• Brief:
In the material below, the line holding "Swans Wall Calendar 2022" and every line after it should be reproduced exactly, please, with pictures omitted.

• Available records:
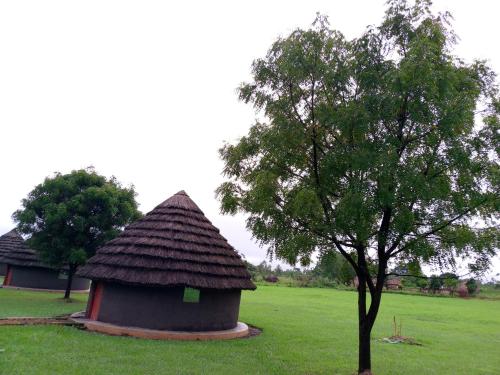 Grassroots Cottages Murchsion Falls in Paraa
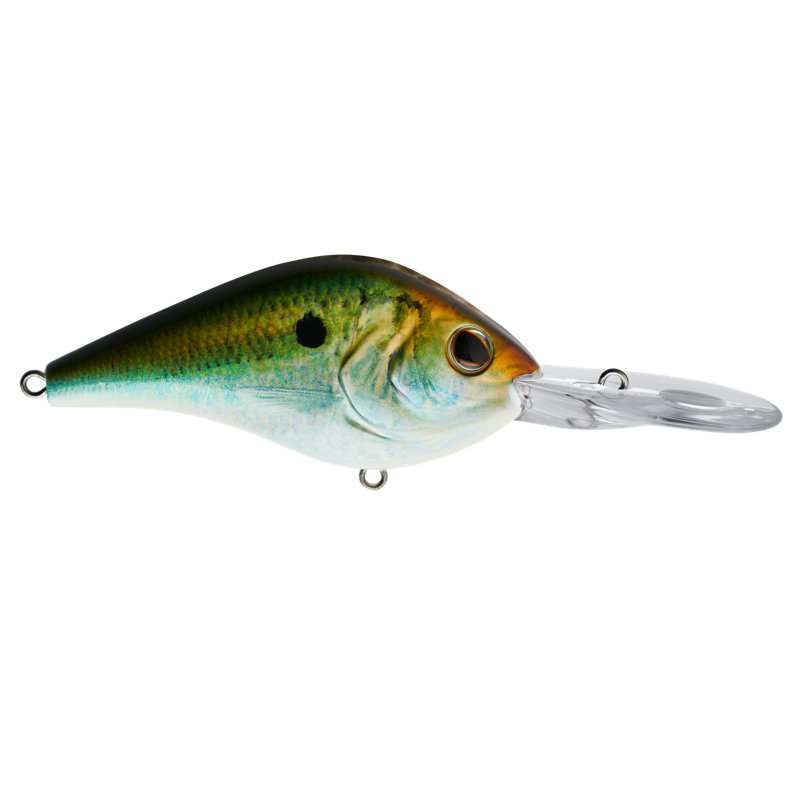 Berkley Dredger 1.125 oz Hard Bait Hd Tennessee Shad - Frsh Water Hard Baits at Academy Sports
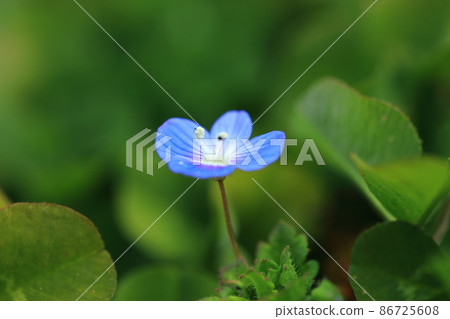 波斯Speedwell 波斯Speedwell 86725608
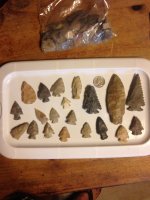 image.jpeg image.jpeg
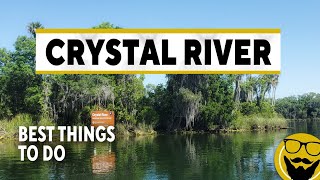 Best Things to See amp Do in Crystal River 2022  How to Swim With Manatees Guide [upl. by Retnuh]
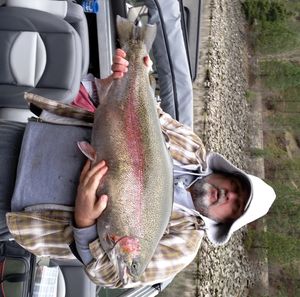Larry Warren holds a rainbow he unofficially weighed at 28.37 pounds and measured 32 inches long and an amazing girth of 28.5 inches before releasing it back into the North Fork Clearwater River below Dworshak Dam on Jan. 8, 2015. (Courtesy)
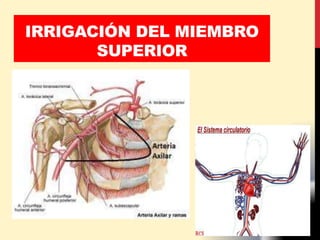 IRRIGACIÓN DEL MIEMBRO
SUPERIOR
 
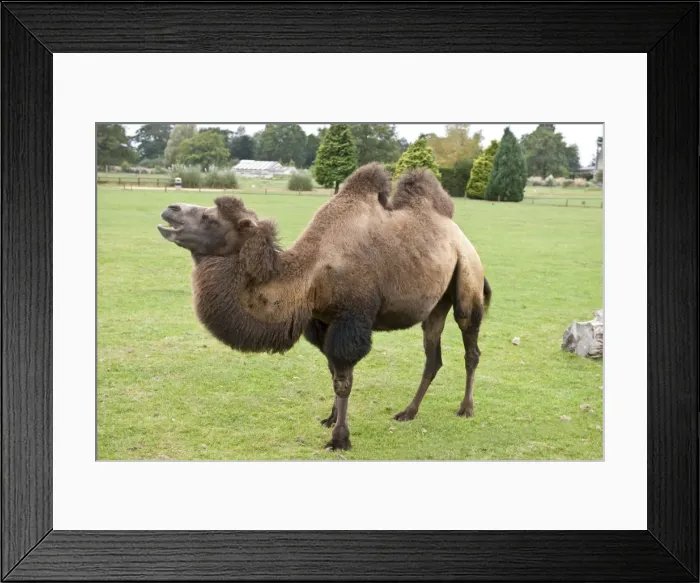 Framed Print : Bactrian Camel - found naturally in the Gobi Desert, Mongolia. Photo - Cotswold Wildlife Park. September Framed Print : Bactrian Camel - found naturally in the Gobi Desert, Mongolia. Photo - Cotswold Wildlife Park. September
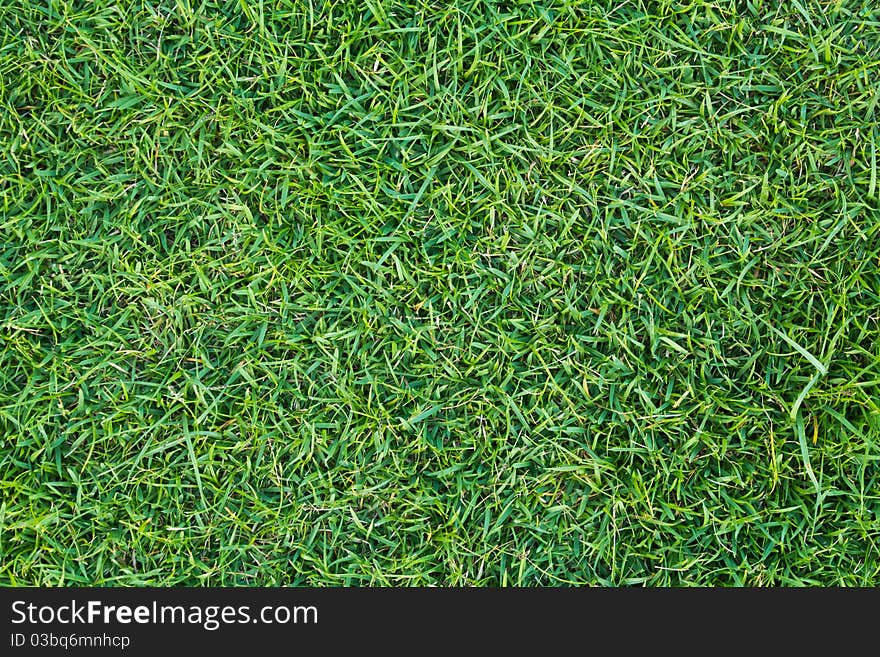 Texture of green grass lawn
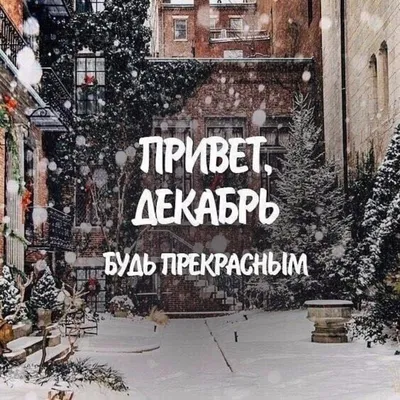 Hello december Стоковые фотографии, картинки, все без лицензионных  отчислений - Envato Elements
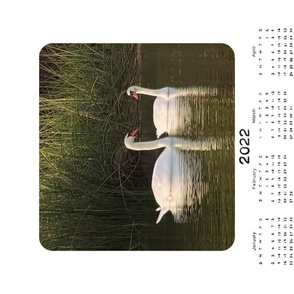 Swans Wall Calendar 2022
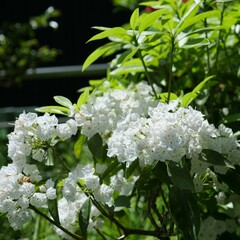 白いカルミアの花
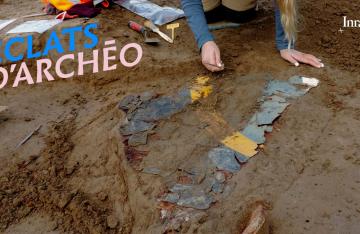 Éclats d'Archéo #9 - Le débarquement de Blainville-sur-Orne 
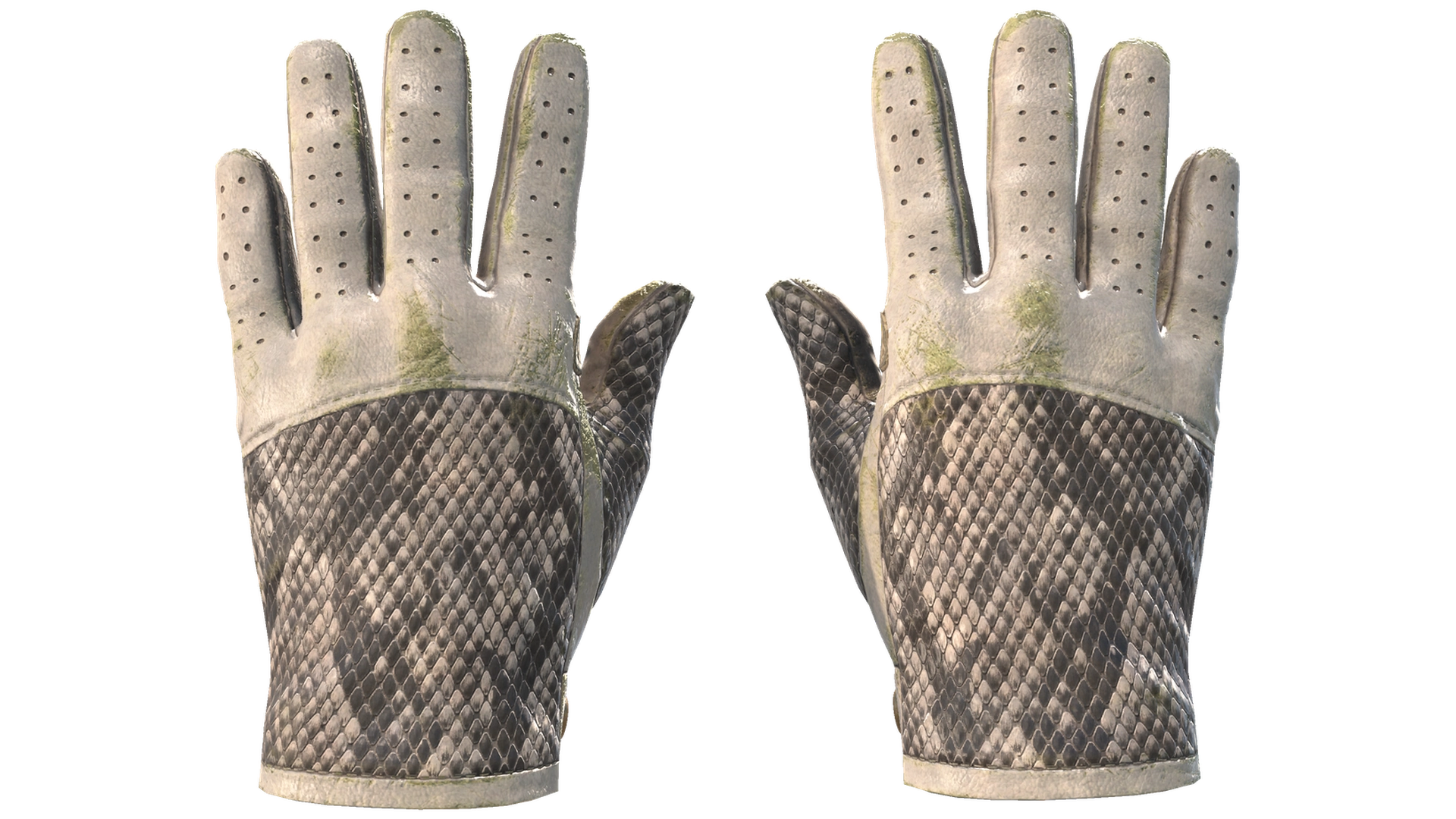 King Snake image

• Answer below:
 Swans Wall Calendar 2022
 白いカルミアの花
 Éclats d'Archéo #9 - Le débarquement de Blainville-sur-Orne 
 King Snake image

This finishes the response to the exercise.